• _TASK DETAILS_: Repeat exactly the lines of the material below that run from the "For Lease - 33" line to the "住在左营的民眾（前右）29日" line, including both, and do not carry over any pictures.

• _PROVIDED INFORMATION_:
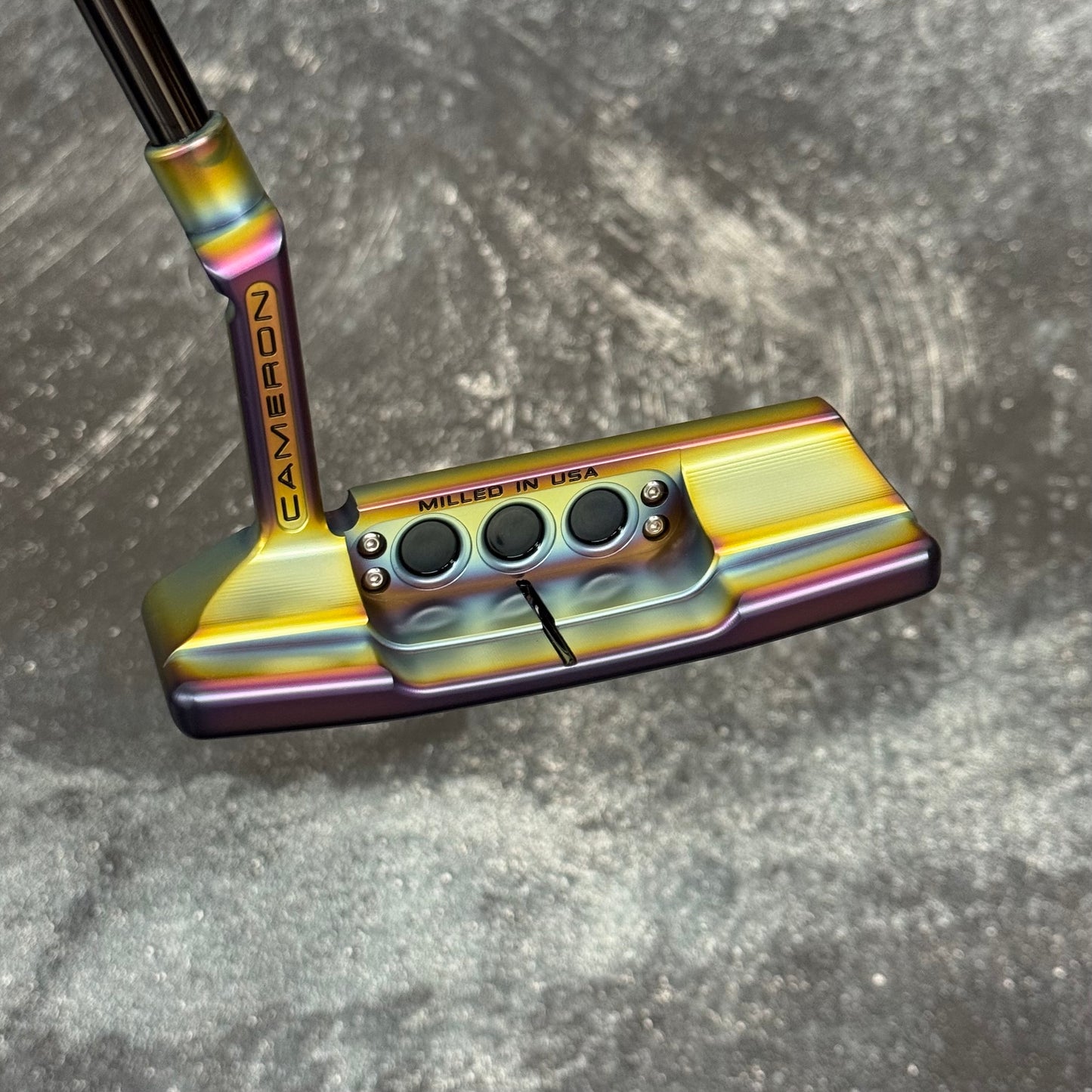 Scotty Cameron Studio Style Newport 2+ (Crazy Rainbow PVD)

==

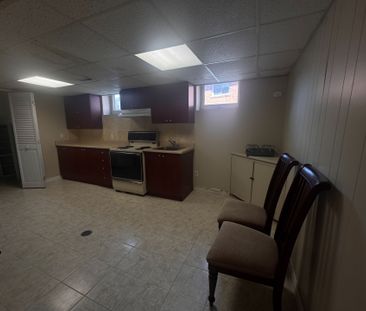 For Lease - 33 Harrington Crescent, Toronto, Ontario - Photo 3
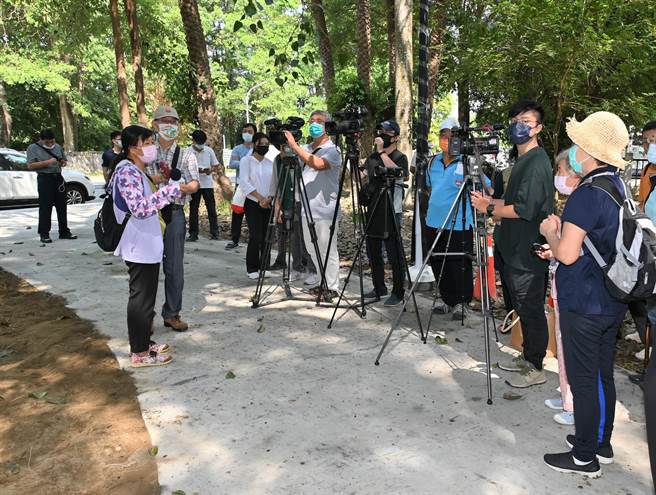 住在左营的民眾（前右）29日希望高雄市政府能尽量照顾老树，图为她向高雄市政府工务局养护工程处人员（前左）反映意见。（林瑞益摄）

---

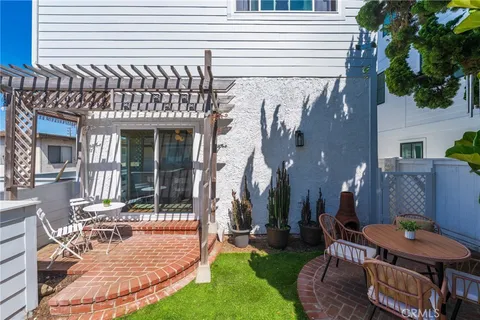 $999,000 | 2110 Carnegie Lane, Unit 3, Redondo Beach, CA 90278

• _SOLUTION_:
 For Lease - 33 Harrington Crescent, Toronto, Ontario - Photo 3
 住在左营的民眾（前右）29日希望高雄市政府能尽量照顾老树，图为她向高雄市政府工务局养护工程处人员（前左）反映意见。（林瑞益摄）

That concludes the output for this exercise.